"Il popolo, il popolo. Dov'è il popolo?", chiede Aleksandr Sokurov rivolgendosi ai corpi prima immobili, poi cadaveri nei loro letti, di Tolstoj e Cechov.
L'Ottocento si è chiuso, è arrivato il XX secolo, la Russia ha perso le sue guide, e il popolo, il popolo dove è finito? Il popolo non come identità, non come appartenenza anche cosmopolita all'umanità, in un ideale di comunione e condivisione che la Storia ha spazzato, ma il popolo come anima singola e al tempo stesso molteplice, il popolo come anima racchiusa da un volto. Da uno o molteplici volti. Gli stessi volti sperduti dei soldati russi al fronte afghano che Sokurov interrogava silenziosamente in Spiritual Voices (1984), o gli stessi ritratti imbalsamati di gerarchi sovietici che elencava con freddezza e stupore in Elegia sovietica (1989), che in Francofonia, dalla sua casa in Russia o dentro il Louvre, a Parigi, in Francia, nell'Europa di cui in realtà non ha mai fatto parte, osserva nei ritratti dei dipinti alle pareti.

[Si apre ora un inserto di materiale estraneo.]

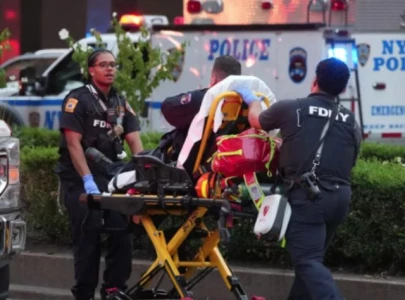 deadly manhattan office shooting leaves four dead one victim linked to nfl deadly manhattan office shooting leaves four dead one victim linked to nfl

Perché, si chiede ancora Sokurov, l'arte europea ha scavato così tanto nei volti attraverso il ritrattismo, mentre altre culture, come ad esempio l'Islam, non hanno fatto altrettanto? Cosa c'è dietro un volto? E cosa cerca l'arte che quel volto ha catturato? E - ancora e ancora - cosa permette all'arte di sopravvivere? La guerra, come sarebbe potuto accadere a Parigi nel 1940 o a Leningrado durante l'assedio nazista? O forse è proprio la guerra che la protegge, la eleva a trofeo di conquista, a patrimonio comune fra nemici storici?
È fatto di domande, Francofonia, e poi di immagini, di pensieri, di intuizioni, di visioni e di ricostruzioni: un'elegia che Sokurov conduce in modo libero, alla Godard viene quasi da pensare, cercando un senso a ragionamenti rapsodici e difficili da ricondurre a un unico punto.
Tutto nasce dal viaggio sul mare del nord di una nave cargo carica di opere d'arte: le opere nei container sono in pericolo, la tempesta rischia di far naufragare l'imbarcazione, la natura minaccia l'arte. Sokurov, in collegamento via Skype dalla Russia con il comandante, sente una voce lontana, vede immagini pixelate, non capisce, è lontano, al sicuro ma consapevole della tragedia... L'arte minacciata da forze brute, come nel corso della Seconda guerra mondiale, come in Francia, in Germania e in Unione Sovietica, come in Europa e altrove, perché ciò che Sokurov osserva in Francofonia è proprio la radice unica di un continente che esiste grazie alla sua arte, che attraverso la sua arte potrebbe trovare l'anima unica e unificante che ha sempre disatteso, ma che l'arte ha finito per crearla, raggrupparla, concepirla solo attraverso l'atto della guerra, della salvaguardia, della protezione. Mai, veramente, attraverso il silenzio, la sospensione, la solennità dell'esposizione. Gli stesso quadri di Hubert Robert, pittore settecentesco e conservatore del Louvre al centro di un vecchio lavoro di Sokurov di metà anni 90, mostravano la galleria reale ai tempi della sua creazione e già la immaginavano in macerie, diroccata, mutata in vestigia.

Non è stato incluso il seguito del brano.